Stanford CoreNLP is a popular Natural Language Processing toolkit supporting many core NLP tasks.
To download and install the program, either download a release package and include the necessary *.jar files in your classpath, or add the dependency off of Maven central. See the download page for more detail. For example:
curl http://nlp.stanford.edu/software/stanford-corenlp-full-2015-12-09.zip -o corenlp.zip
unzip corenlp.zip
cd corenlp
export CLASSPATH="$CLASSPATH:`pwd`/*
There are three supported ways to run the CoreNLP tools: (1) using the base fully customizable API, (2) using the Simple CoreNLP API, or (3) using the CoreNLP server. A simple usage example for each is given below. As a motivating use case, these examples will be for predicting the syntactic parse of a sentence.
CoreNLP API
public class CoreNLPDemo {
public static void main(String[] args) {
// 1. Set up a CoreNLP pipeline.

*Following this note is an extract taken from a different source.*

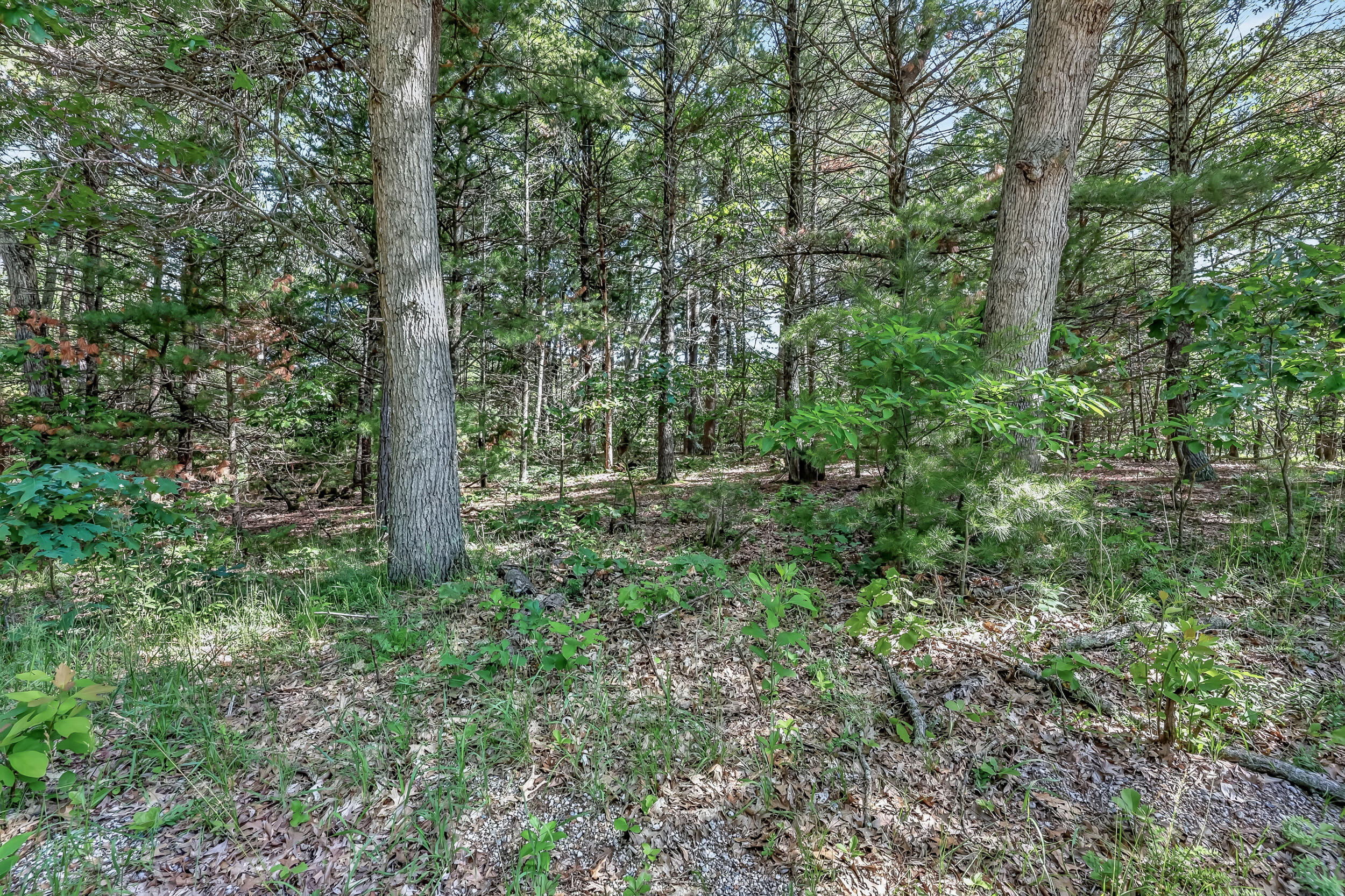 Vl West Michigan Road, Unit B Twin Lake, MI 49457 - Photo 13 of 16 527 w michigan parcel b-2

This should be done once per type of annotation,
// as it's fairly slow to initialize.
// creates a StanfordCoreNLP object, with POS tagging, lemmatization, NER, parsing, and coreference resolution
Properties props = new Properties();
props.setProperty("annotators", "tokenize, ssplit, parse");
StanfordCoreNLP pipeline = new StanfordCoreNLP(props);
// 2. Run the pipeline on some text.
// read some text in the text variable
String text = "the quick brown fox jumped over the lazy dog"; // Add your text here!
// create an empty Annotation just with the given text
Annotation document = new Annotation(text);
// run all Annotators on this text
pipeline.annotate(document);
// 3. Read off the result
// Get the list of sentences in the document
List<CoreMap> sentences = document.get(CoreAnnotations.SentencesAnnotation.class);
for (CoreMap sentence : sentences) {
// Get the parse tree for each sentence
Tree parseTree = sentence.get(TreeAnnotations.TreeAnnotation.class);
// Do something interesting with the parse tree!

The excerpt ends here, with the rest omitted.